**WHAT YOU NEED TO DO**
Copy nothing but the lines below running from the line containing "Ein Viertel Laib" through the line containing "A happy woman", both end lines included.

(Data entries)
====================

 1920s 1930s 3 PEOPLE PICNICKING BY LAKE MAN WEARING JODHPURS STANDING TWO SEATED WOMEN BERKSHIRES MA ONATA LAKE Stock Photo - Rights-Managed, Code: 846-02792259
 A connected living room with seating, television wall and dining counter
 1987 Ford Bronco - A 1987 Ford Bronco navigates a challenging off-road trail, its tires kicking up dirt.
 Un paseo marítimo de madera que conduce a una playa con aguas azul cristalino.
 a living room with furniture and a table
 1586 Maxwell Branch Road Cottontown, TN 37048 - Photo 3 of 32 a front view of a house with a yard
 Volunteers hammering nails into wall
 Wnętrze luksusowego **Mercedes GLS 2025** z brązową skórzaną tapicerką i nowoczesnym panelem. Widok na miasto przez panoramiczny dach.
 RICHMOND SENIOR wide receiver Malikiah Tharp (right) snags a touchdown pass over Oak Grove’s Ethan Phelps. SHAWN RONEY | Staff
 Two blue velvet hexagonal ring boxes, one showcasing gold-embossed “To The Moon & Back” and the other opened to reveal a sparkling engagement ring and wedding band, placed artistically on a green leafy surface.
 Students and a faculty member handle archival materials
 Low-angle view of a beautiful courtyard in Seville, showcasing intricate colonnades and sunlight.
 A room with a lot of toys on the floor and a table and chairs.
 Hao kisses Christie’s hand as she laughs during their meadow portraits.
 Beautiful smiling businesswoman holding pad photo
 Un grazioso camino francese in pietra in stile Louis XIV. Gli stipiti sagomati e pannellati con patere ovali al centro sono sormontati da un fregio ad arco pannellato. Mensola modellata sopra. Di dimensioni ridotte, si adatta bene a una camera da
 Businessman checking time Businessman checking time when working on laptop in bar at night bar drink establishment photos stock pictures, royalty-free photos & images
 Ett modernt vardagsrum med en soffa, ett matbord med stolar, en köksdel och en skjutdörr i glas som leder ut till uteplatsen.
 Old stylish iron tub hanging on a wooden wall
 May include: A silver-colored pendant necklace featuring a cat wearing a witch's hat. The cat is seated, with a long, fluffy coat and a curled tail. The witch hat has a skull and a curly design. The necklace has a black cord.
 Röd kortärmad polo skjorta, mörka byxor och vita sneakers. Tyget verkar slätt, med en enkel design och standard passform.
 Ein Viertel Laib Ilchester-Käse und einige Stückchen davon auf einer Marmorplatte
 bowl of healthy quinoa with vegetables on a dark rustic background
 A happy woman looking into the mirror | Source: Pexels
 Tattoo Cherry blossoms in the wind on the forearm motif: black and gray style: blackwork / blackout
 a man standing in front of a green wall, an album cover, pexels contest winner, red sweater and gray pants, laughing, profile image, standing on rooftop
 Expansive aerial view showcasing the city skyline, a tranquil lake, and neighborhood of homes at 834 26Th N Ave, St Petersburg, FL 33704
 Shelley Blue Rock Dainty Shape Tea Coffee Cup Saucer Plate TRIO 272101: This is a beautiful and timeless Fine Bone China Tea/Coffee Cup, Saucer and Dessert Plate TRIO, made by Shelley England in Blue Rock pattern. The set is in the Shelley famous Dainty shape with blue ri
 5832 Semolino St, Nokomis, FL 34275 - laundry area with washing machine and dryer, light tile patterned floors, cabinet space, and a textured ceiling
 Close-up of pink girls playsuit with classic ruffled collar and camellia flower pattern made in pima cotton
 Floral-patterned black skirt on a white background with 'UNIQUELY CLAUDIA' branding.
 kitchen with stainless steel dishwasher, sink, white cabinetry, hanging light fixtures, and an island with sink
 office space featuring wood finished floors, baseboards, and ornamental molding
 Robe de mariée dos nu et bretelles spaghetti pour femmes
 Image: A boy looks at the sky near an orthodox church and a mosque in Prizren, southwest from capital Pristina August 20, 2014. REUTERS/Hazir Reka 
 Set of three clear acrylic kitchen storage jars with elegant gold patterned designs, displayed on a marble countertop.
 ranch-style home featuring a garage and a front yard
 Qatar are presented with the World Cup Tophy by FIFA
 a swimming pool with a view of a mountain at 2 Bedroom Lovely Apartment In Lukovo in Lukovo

====================

**COMPLETED TASK**
 Ein Viertel Laib Ilchester-Käse und einige Stückchen davon auf einer Marmorplatte
 bowl of healthy quinoa with vegetables on a dark rustic background
 A happy woman looking into the mirror | Source: Pexels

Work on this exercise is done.